Glenroe creator Wesley Burrowes dies aged 85

Playwright and screenwriter ‘the master’ of television drama, says RTÉ director-general

Playwright and screenwriter Wesley Burrowes, best known for creating the long-running RTÉ drama Glenroe, has died aged 85 following a long illness.

Born in Bangor, Co Down in 1930, he moved to Dublin in the early 1950s after graduating from Queen's University Belfast. After several years writing for theatre, he got his first break in television in 1964 when he replaced Maura Laverty as scriptwriter on RTÉ Television's drama series, Tolka Row.

Two years later he became editor and chief scriptwriter for the station's first long-running rural soap opera, The Riordans.

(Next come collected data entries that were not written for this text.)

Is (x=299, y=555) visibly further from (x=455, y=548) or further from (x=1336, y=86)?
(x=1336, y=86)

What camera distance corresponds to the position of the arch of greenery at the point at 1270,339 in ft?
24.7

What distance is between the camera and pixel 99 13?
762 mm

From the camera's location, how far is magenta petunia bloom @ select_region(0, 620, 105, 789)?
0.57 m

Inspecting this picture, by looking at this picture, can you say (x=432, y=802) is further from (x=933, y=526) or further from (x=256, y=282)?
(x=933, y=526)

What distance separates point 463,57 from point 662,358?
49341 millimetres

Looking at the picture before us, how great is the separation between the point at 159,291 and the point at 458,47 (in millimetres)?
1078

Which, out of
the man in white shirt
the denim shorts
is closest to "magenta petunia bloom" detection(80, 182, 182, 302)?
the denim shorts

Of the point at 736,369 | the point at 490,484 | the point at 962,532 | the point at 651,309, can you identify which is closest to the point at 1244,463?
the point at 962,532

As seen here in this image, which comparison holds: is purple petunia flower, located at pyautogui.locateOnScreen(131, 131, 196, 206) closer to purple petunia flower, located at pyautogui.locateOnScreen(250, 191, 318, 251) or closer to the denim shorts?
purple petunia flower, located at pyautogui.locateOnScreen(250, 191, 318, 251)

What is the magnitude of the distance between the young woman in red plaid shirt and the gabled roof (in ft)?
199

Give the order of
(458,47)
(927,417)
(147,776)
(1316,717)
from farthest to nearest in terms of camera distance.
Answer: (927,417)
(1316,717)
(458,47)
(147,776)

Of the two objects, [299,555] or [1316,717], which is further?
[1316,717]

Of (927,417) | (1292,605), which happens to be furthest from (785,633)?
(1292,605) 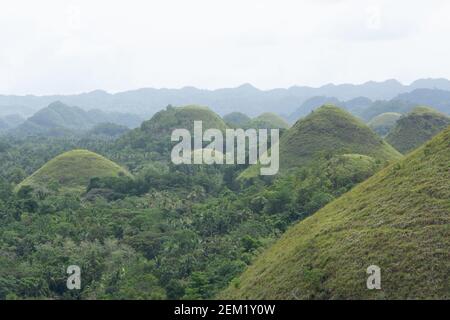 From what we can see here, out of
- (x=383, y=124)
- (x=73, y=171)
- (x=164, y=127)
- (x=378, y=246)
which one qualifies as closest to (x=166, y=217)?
(x=378, y=246)

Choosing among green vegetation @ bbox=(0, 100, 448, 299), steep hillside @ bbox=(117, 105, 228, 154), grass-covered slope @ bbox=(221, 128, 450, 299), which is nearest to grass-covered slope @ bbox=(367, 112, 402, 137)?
steep hillside @ bbox=(117, 105, 228, 154)

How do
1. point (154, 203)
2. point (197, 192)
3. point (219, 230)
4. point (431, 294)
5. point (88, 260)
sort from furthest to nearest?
point (197, 192) → point (154, 203) → point (219, 230) → point (88, 260) → point (431, 294)

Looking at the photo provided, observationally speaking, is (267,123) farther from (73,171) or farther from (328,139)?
(73,171)

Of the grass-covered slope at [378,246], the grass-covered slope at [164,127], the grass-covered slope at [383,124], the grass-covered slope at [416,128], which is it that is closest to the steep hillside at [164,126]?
the grass-covered slope at [164,127]

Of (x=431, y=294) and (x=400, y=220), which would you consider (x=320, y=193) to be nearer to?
(x=400, y=220)

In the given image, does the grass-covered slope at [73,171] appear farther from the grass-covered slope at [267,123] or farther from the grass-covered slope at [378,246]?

He went on to create another rural soap, Bracken, which featured Gabriel Byrne in the lead role of Pat Barry.

But Burrowes will probably be best remembered for the creation in 1983 of Glenroe - one of RTÉ’s most popular drama series - which he scripted through most of its 18-year run.


‘The master’

Noel Curran, director-general of RTÉ, last night described Burrowes as "the master" of Irish television serial drama.

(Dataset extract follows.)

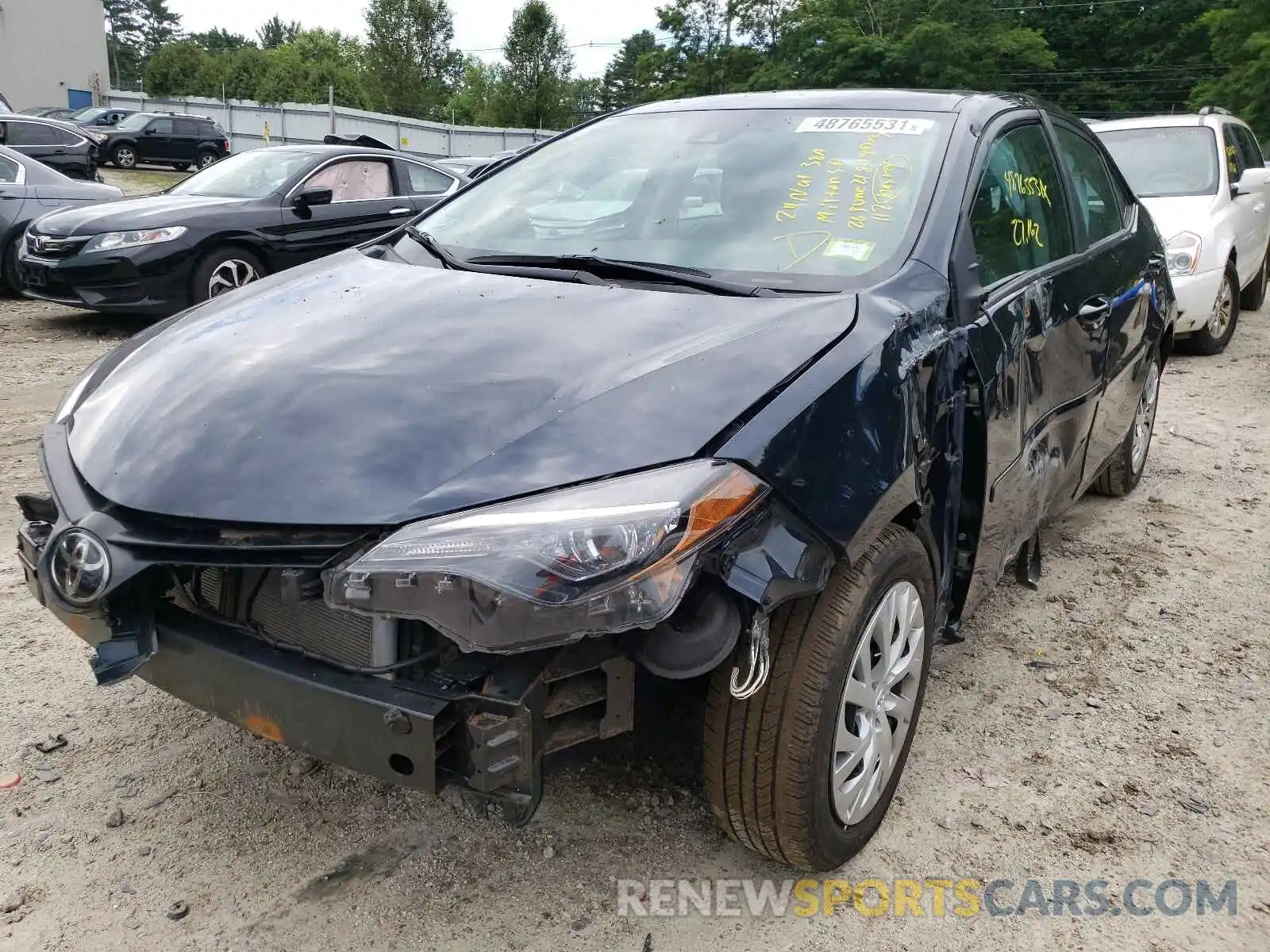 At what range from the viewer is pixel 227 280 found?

“From Tolka Row to The Riordans, Bracken to Glenroe, Wesley did not simply create plotlines, he created entire worlds, populated with original characters who themselves became household names on a scale unheard of before or since.”

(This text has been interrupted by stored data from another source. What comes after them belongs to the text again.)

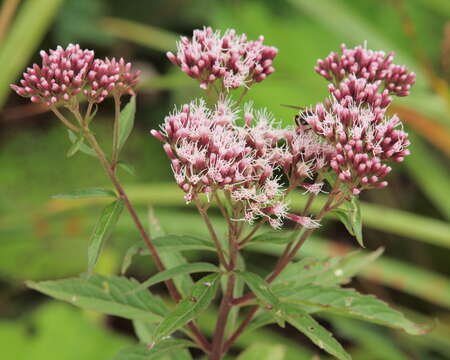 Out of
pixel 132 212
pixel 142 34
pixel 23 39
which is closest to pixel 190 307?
pixel 132 212

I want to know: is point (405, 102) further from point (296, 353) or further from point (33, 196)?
point (33, 196)

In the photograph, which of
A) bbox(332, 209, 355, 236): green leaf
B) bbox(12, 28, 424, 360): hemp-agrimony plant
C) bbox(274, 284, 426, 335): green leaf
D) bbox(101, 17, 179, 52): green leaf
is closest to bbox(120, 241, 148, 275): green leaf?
bbox(12, 28, 424, 360): hemp-agrimony plant

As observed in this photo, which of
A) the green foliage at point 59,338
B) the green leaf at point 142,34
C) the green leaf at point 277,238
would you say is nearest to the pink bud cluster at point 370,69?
the green leaf at point 277,238

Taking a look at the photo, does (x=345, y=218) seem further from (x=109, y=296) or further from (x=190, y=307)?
(x=109, y=296)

Curran said Burrowes was “universally respected, beloved by his actors and crews - he captured facets of Irish life, and the Irish people, that resonated deeply with audiences”.

“On behalf of RTÉ, and on behalf of our many colleagues who worked so closely with him over many years, I would like to extend my sincere condolences to Wesley’s family.”

Burrowes is survived by his wife Helena and children Ciara and Kim.